▶ [Information shown]
────────────────────

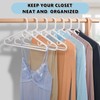 Amber Home 36 Pack Super Heavy Duty Plastic Hangers, White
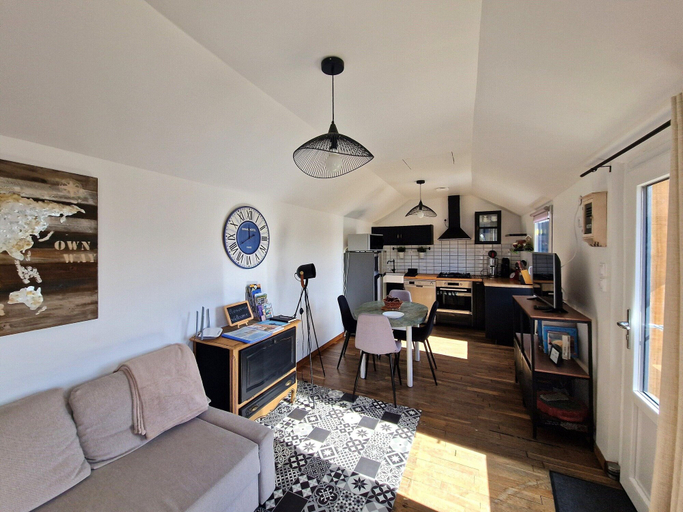Living room, Nice House on Fenced Plot, Near Val Andre, Côtes-d'Armor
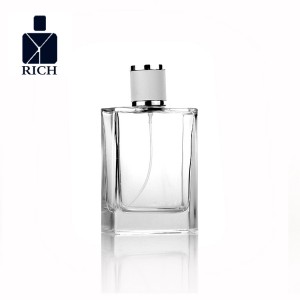 Leather Cap Perfume Bottles Empty Glass 100ml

────────────────────

Your task is to reproduce all of the material exactly. The pictures stay out.

▶ [Exercise output]
 Amber Home 36 Pack Super Heavy Duty Plastic Hangers, White
Living room, Nice House on Fenced Plot, Near Val Andre, Côtes-d'Armor
 Leather Cap Perfume Bottles Empty Glass 100ml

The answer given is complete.